My sweet Avery has earned the title “master of destruction.” Every time I hear the words “ut-oh” come out of his mouth my heart sinks. I never know what I’m about to find. Sometimes it’s as simple as he dropped a toy, but other times it is one, huge mess. It seems lately my child has a fascination with poop. Yep, poop! As a mother who is trying to get into nursing school you would think poop wouldn’t bother me, but gagging I’ve done over these past few weeks. Lots of gagging, in fact.
Sure we’ve had the occasional “Avery puts hand in poopy diaper” scenario, but much to my dismay, it’s gotten a little bit worse. A couple of weeks ago he went into the other room and was quiet, of course him being quiet meant something was up.
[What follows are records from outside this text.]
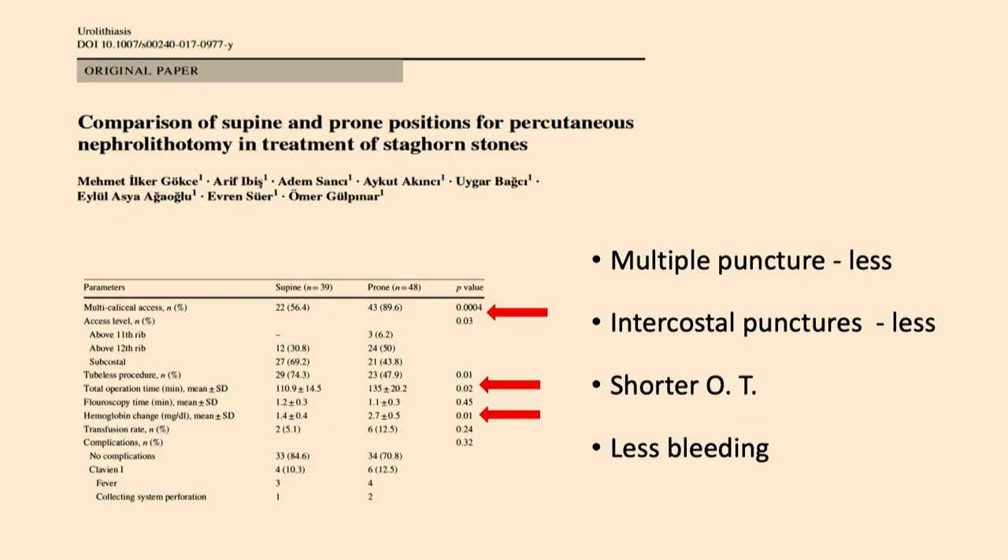Regarding the scientific data: our study compared supine and prone positions for management of staghorn stones. Stone-free rates were similar between positions. However, supine position offers additional benefits: less need for multiple punctures and multiple tracts, fewer intercostal punctures because upper pole punctures are unnecessary, and less bleeding together with shorter operation time. All three benefits — less multi-tract need, fewer intercostal punctures, and less bleeding — come from the simultaneous use of flexible ureteroscopy, which limits the necessity for multiple tracts.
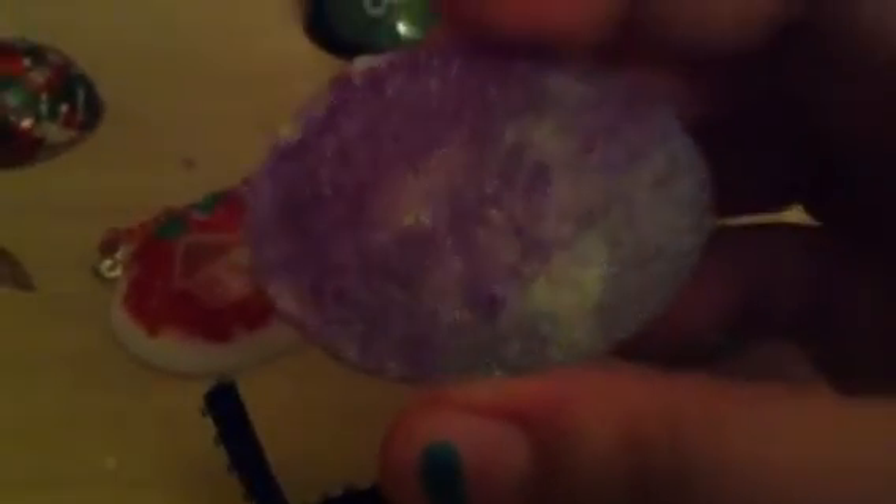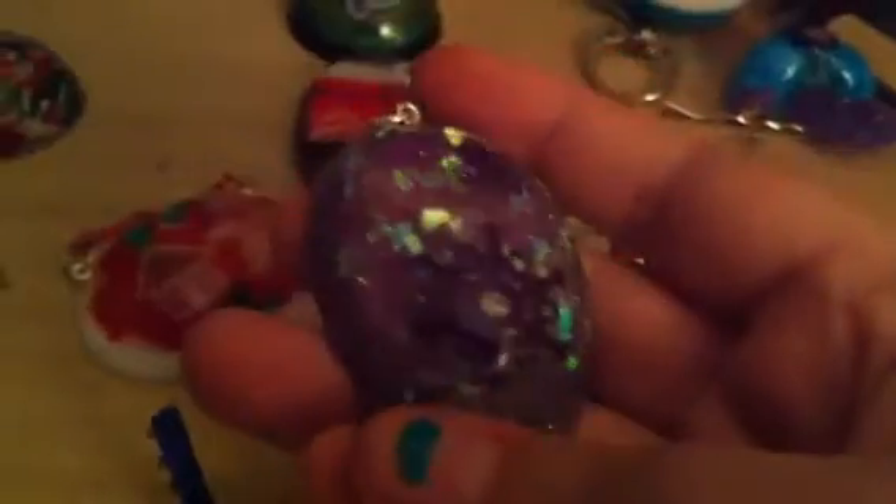And then this one, which is one of my favorites. This is what I did with the glitter in the background. I used Martha Stewart glitter — the fluorescent purple and the sugar plum purple — and then I mixed in some holographic glitter, and it came out really pretty.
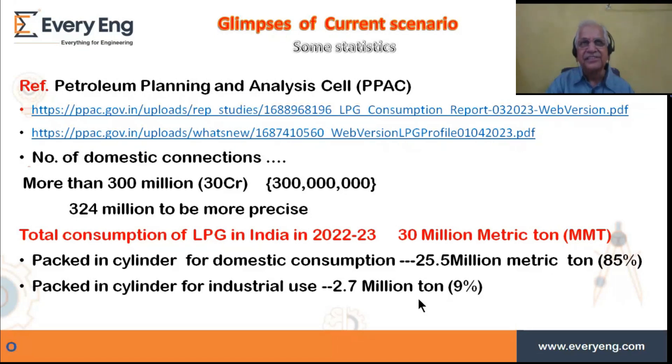As consumption increased in the industrial sector, LOT type connections have come where liquid comes out of the cylinder through a special type of valve fitted on it. That liquid is evaporated using a vaporizer and then sent for consumption. As we know, LPG vapor is what burns — liquid cannot burn, and in fact liquid LPG starting to burn is extremely dangerous. Our burners are designed only for vapor, not for liquid.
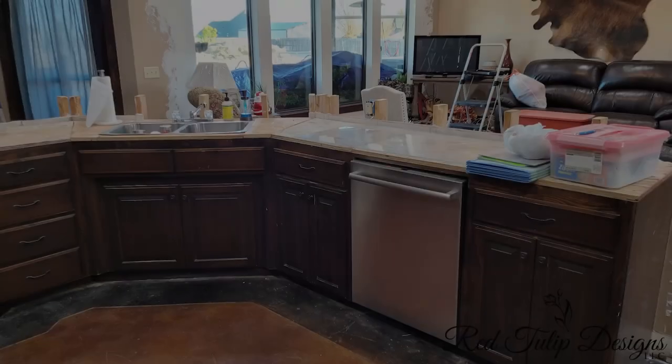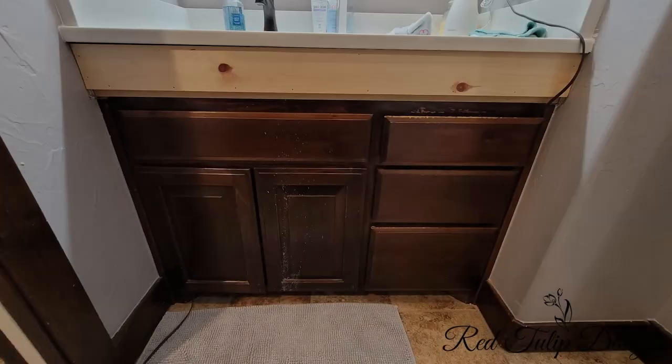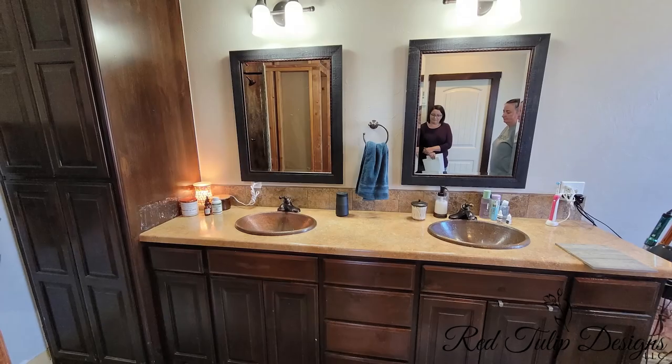Hi, this is Kimberly with Red Tulip Designs and we just finished another kitchen and we actually did two bathrooms with this as well. So we just have to ask you, how did your kitchen and bathrooms look before? Oh, they were really dark and dated and we just felt like it made the rooms look really tiny.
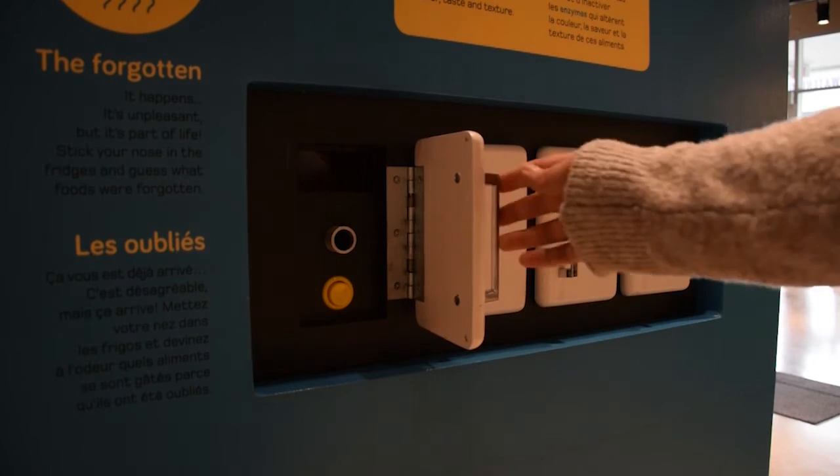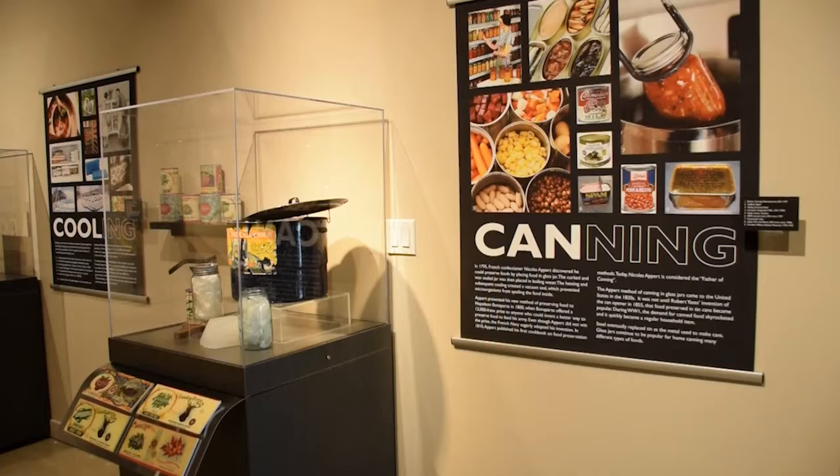I like the various interactive components around it, like the screens that you can press and the section over there where you can smell the different smells. I thought that was a lot of fun. The exhibition highlights the role science plays in delaying food decay and keeping food nutritious and safe for us to eat.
He walked into the living room and literally handed me little pieces of poop. I wasn’t expecting poop and at first it didn’t really look like poop. So I smelled it, confirmed what it was, gagged, and about threw up. Once I got myself together, I got busy cleaning the nasty mess.
As if that wasn’t bad enough, I picked up Avery from daycare last week and thought it would be a nice day for him to run in the sprinklers. Stupid me thought since we weren’t in a pool, sure, no swim diaper needed. HA! Ten minutes into the sprinkler fun we had poop everywhere. I took his swim suite off, got rid of the poop, turned around and saw him picking his butt and rubbing poop on his chest. Seriously? I proceed to clean Avery off using the water from the sprinklers. Needless to say, I didn’t get by poop free, he rubbed his hands on me too. GAG!
Unfortunately, I didn’t get by the weekend without a poopy mess. Same story of poop on hand, poop on toilet, clean and sterilize everything, oh, but wait, he went and sat on the cat with a freshly cleaned bottom and needless to say, cat hair was everywhere. (INSERT GAG HERE!)
It was a mild adventure compared to the above, but I was close to throwing up.
Is anyone else having these issues with their toddler? It doesn’t matter if Avery poops in the potty or in his pull up, it seems to be a crazy ordeal. I try to hold him down while I change him, but he can still reach his hands to his bottom. GAG!
Tips and tricks anyone? I don’t know if my stomach can handle much more of the “poopy-ut-oh’s!”